In his required financial disclosure statement, which he filed earlier this month shortly after he resigned his appointed seat in the U.S. Senate, Kyl claimed that he was paid nearly $129,000 in 2017 and 2018 by Arizona State University for teaching “both undergraduate and law school classes.”
That is demonstrably not true.
It is true that he did teach, but he hasn’t done so since 2015.
The $75,000 annual salary that Kyl was paid for being a part-time employee of ASU (his official titles were Distinguished Fellow in Public Service in ASU’s College of Public Programs and the O’Connor Distinguished Scholar of Law and Public Service in the Sandra Day O’Connor College of Law at ASU) included the ex-senator co-teaching two seminars on tax policy for the law school.
ASU initially didn’t give any information about his teaching duties beyond stating that he co-taught the tax policy seminar. However, the university has since provided me with some information about the class.
Kyl co-taught LAW 791 in the fall of 2013 (he was hired in March 2013) and again in the fall of 2014 and 2015. His teaching partner in both instances was Adam Chodorow, whose expertise is in tax law.
In 2013, the pair co-taught a 1-credit-hour seminar that met once a week for eight weeks. The class was structured so that the law students would tackle four major issues facing the U.S. tax system in two-week blocs. Chodorow would discuss an issue one week, then Kyl and Chodorow would co-teach the following week’s session on that same issue.
In 2014, the tax policy seminar taught by Chodorow and Kyl was a 2-credit-hour class that appears to have met weekly for the entire 14-week semester. In the course description, Chodorow noted that Kyl would only be in attendance for four of the sessions.
The pair taught the same class in 2015, with Kyl again attending four weeks. During those four weeks, students were “lobby Senator Kyl twice in support of or opposition to specific reform proposals.” The course description mentions Kyl, but the course catalog does not mention him as an instructor. An ASU spokeswoman told the Mirror that was an error, and Kyl should have been listed in the catalog.

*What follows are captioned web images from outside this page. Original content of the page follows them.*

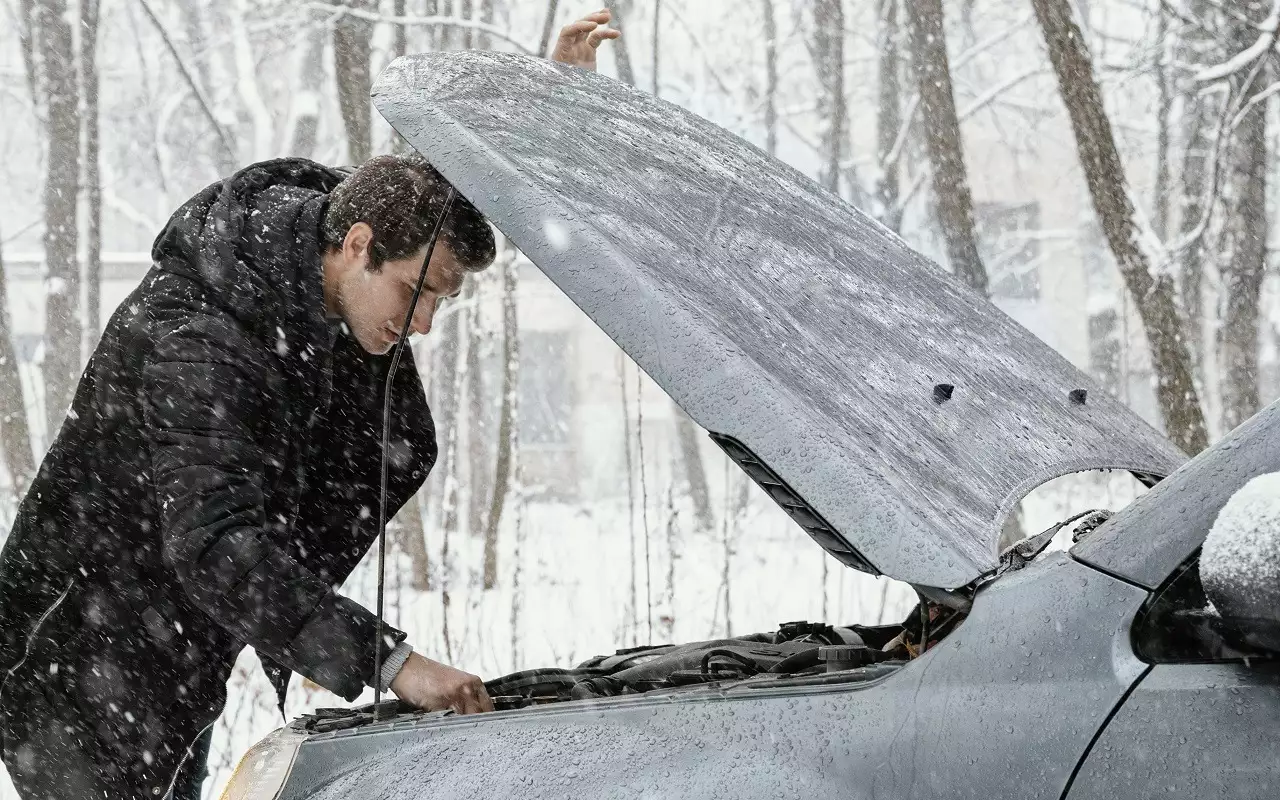 Россияне массово ломают коробки передач из-за снегопада этой зимой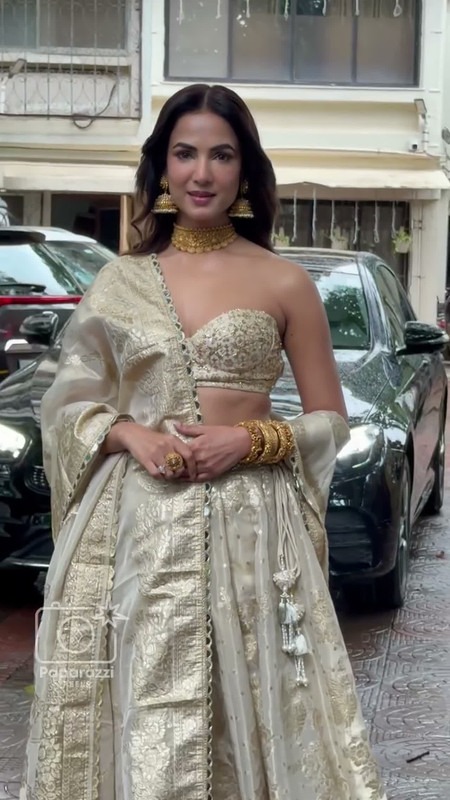 Sonal Chauhan Sets Style Goals in Sleek Off-Shoulder Ensemble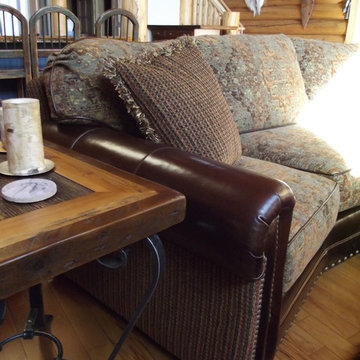 Off Grid Log Home Beautifully Furnished!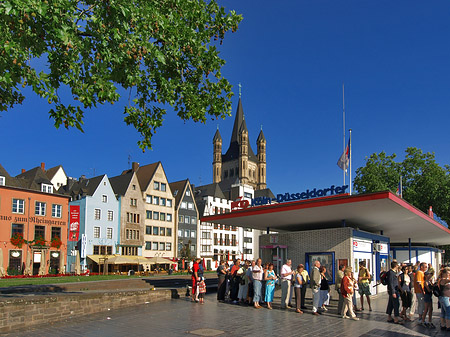 Fotos Schlange stehen für Köln-Düsseldorfer | Köln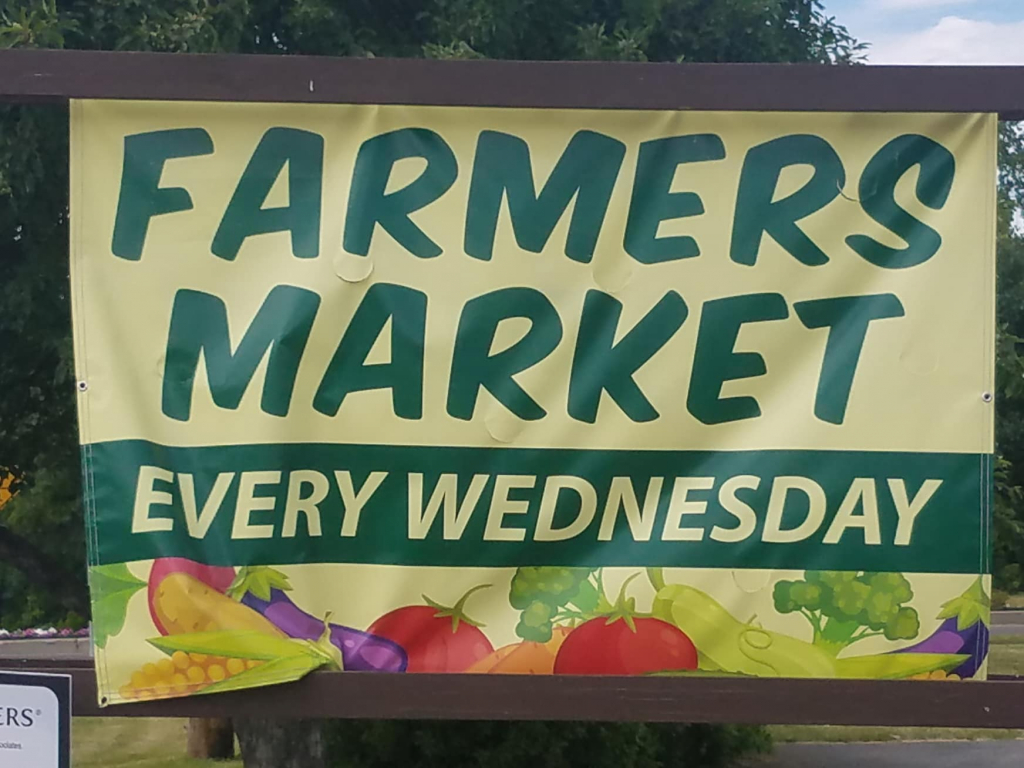 Bayberry Plaza Farmers Market Clay NY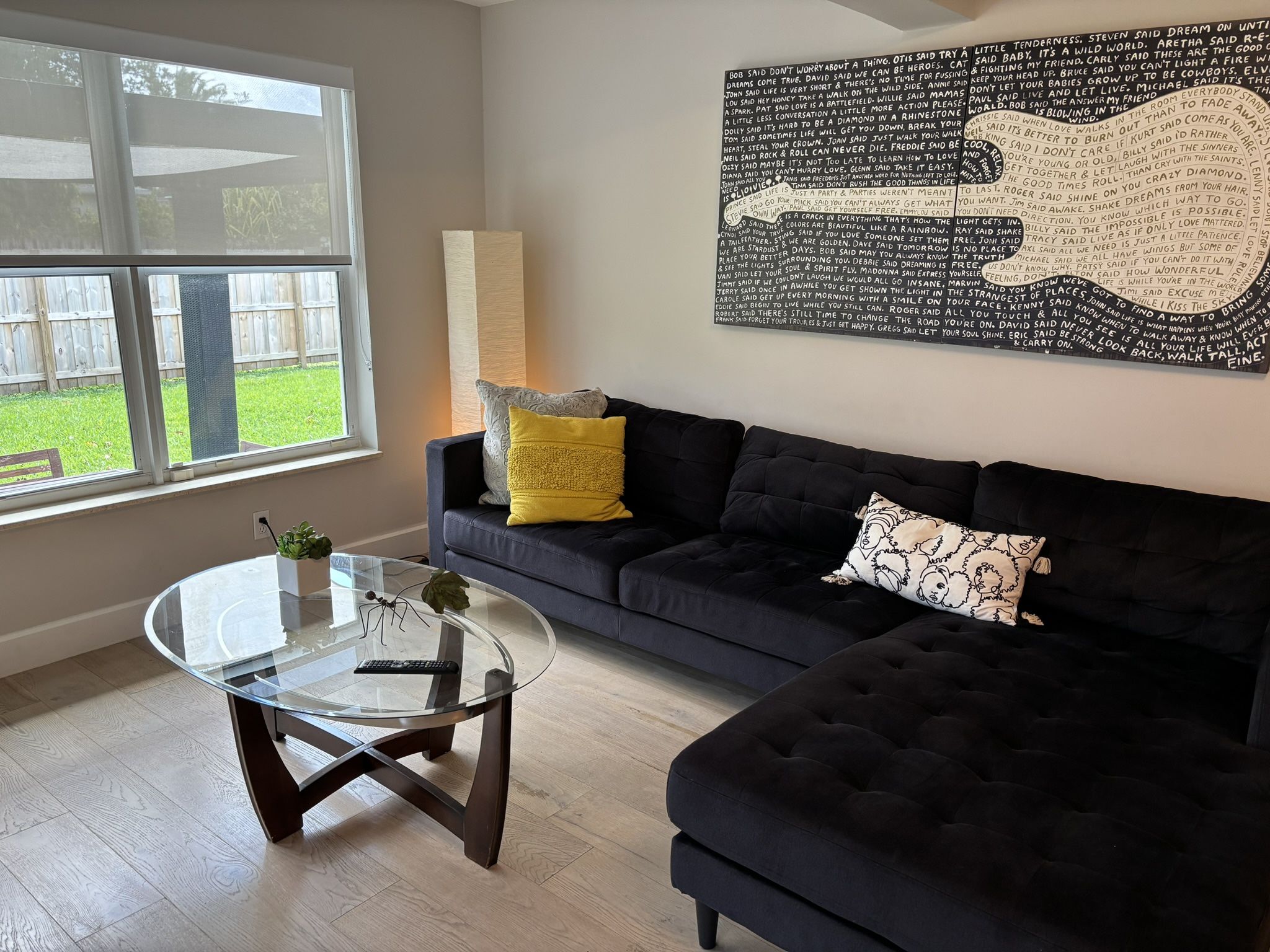  Black 2-Piece Sectional Sofa – Excellent Condition!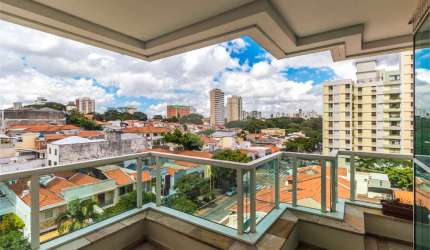 Apartamento com 3 quartos à venda em Cambuci - SP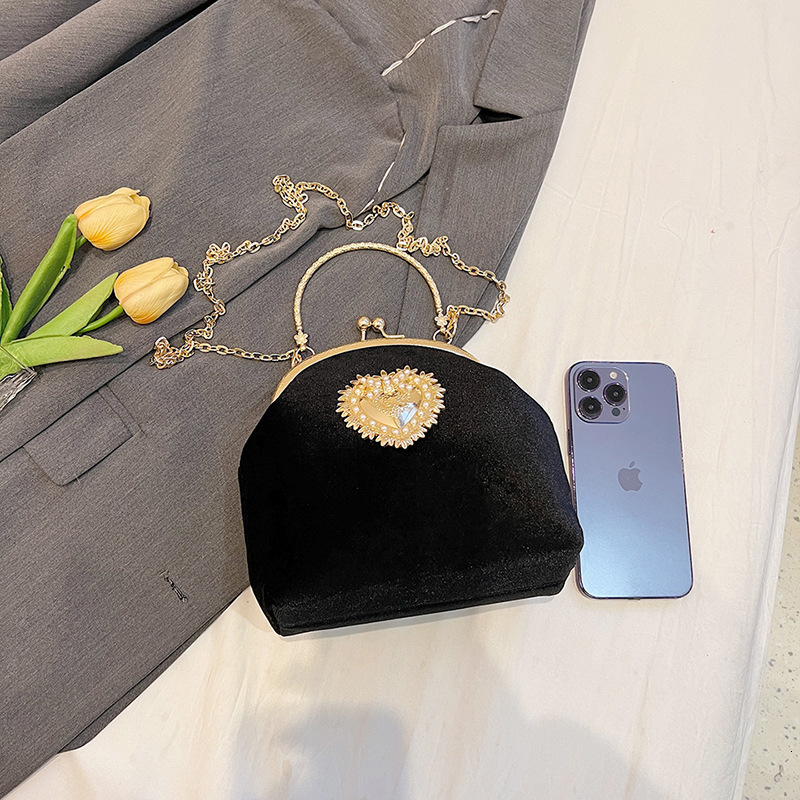 New niche design portable shoulder bag suitable for women's Baroque style evening dress banquet bag mouth red envelope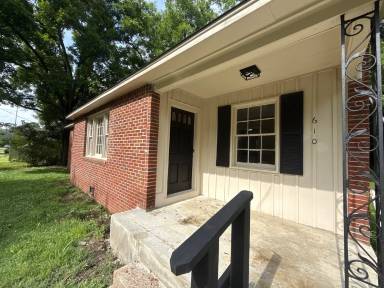 Main picture of 610 N McLemore Ave, Brownsville TN - Unit 1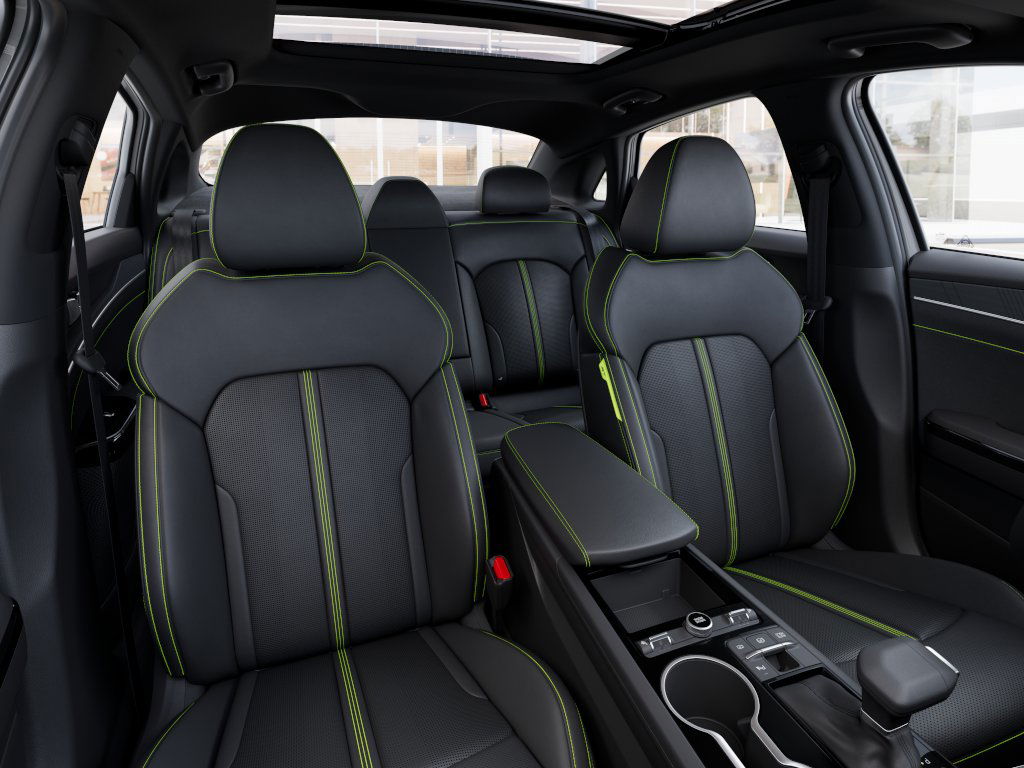 Thumbnail: 2026 Kia K5 - 8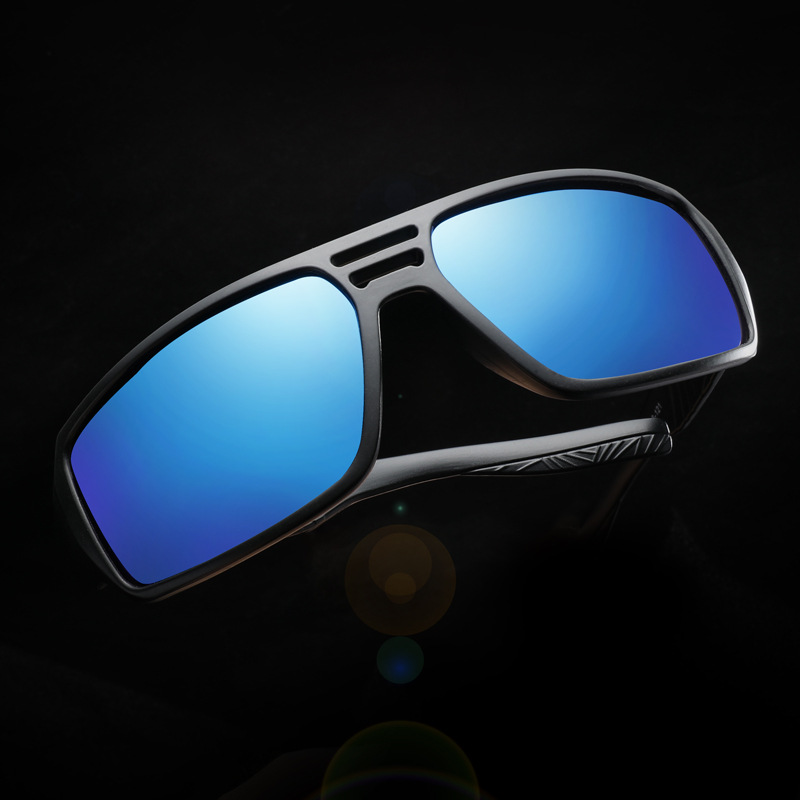 Title 5, Sporty polarized sunglasses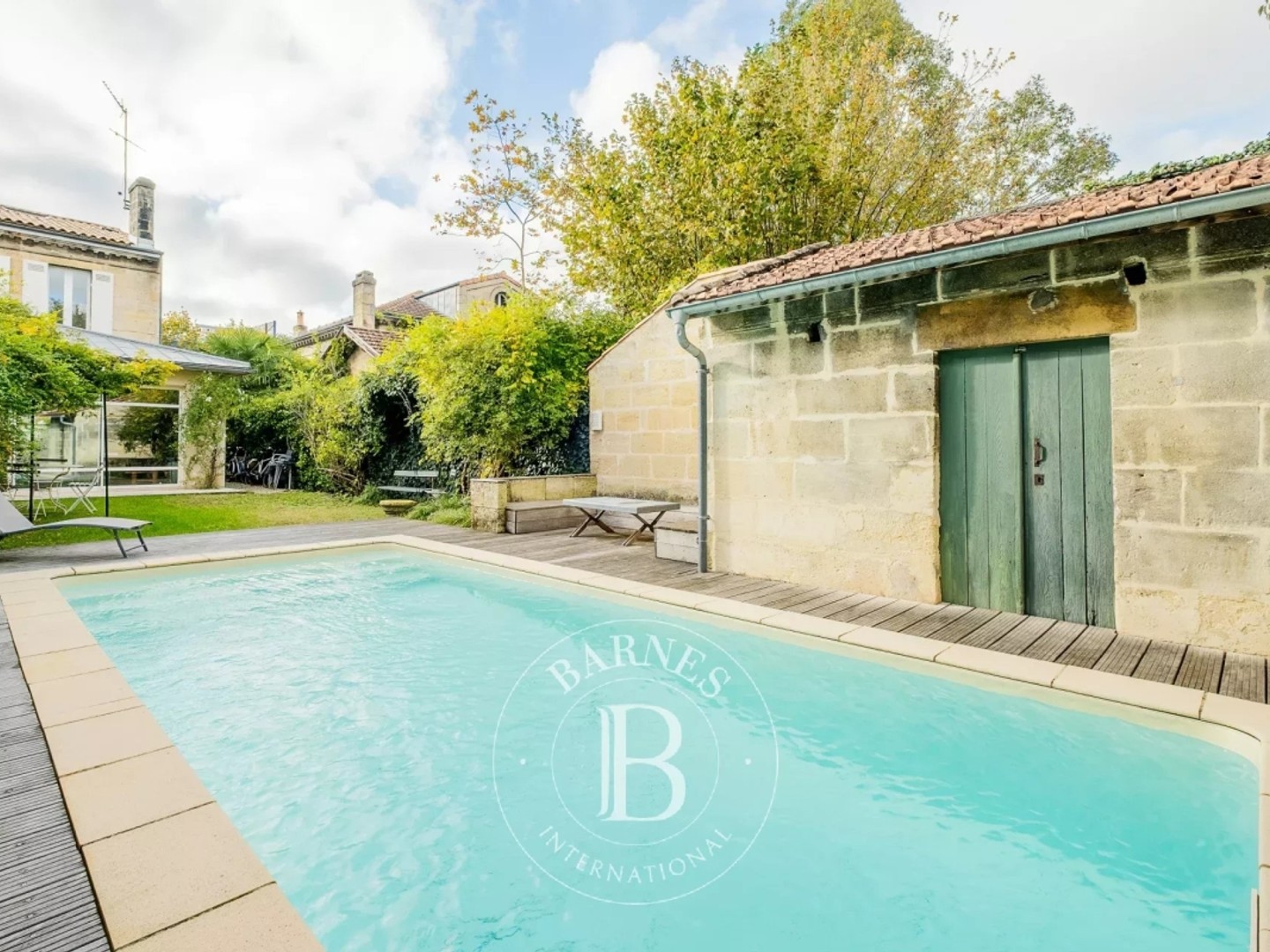 Bordeaux - Barrière du Médoc - Maison familiale de 260 m² - Jardin - Piscine - Stationnement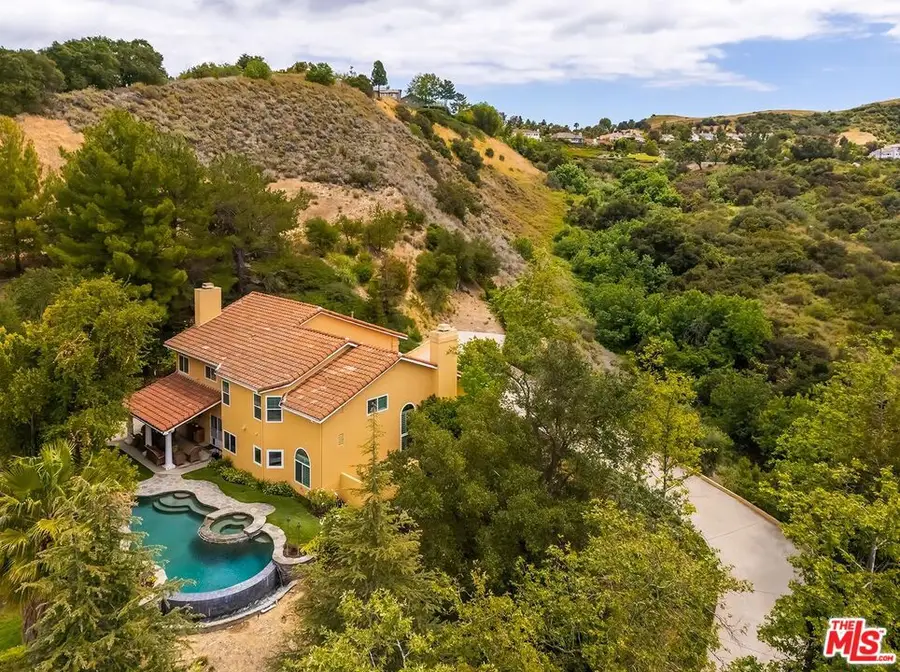 22400 Calipatria Drive, Calabasas, CA 91302 - #3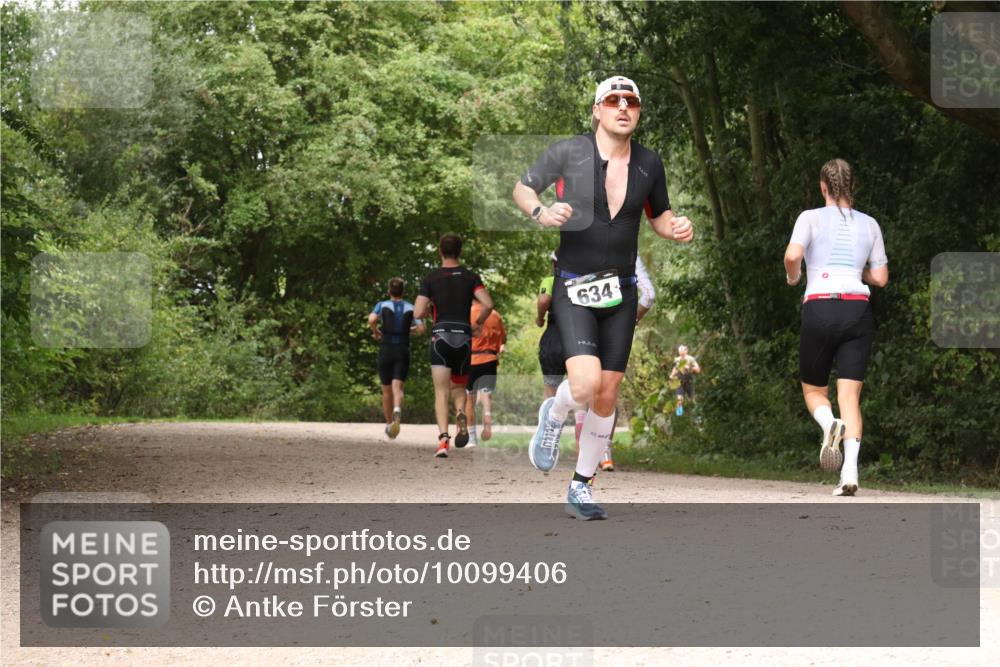 30.08.2026 - Elbe Triathlon Hamburg Antke Förster http://msf.ph/oto/10099406 30.08.2026 10:57:41 Laufen 634 meine-sportfotos.de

(The original version of this piece included the 2015 information, but noted it was unclear whether Kyl taught the class because he was not listed in the catalog. ASU provided information confirming he co-taught the seminar with Chodorow on Jan. 13, and the story has been updated to reflect that.)
What Kyl actually did during 2017 and 2018 was to be available as a guest lecturer, moderate a panel discussion and serve as in informal advisor to the Koch-funded School of Civic and Economic Thought and Leadership.
When he was appointed to the U.S. Senate to replace the late John McCain in September 2018, Kyl resigned his ASU position. What remains to be seen is if ASU will bring him back on staff now that he’s once again a private citizen.
One might think that the spotlight being shone on how much Kyl was paid and how little he did would steer ASU away from Kyl, but ASU President Michael Crow has never been one to let a little bad press get in the way of the ASU empire.
To that end, ASU is already “in discussions” to bring Kyl back on staff, Vice President of Media Relations & Strategic Communications Katie Paquet told me in an email this week.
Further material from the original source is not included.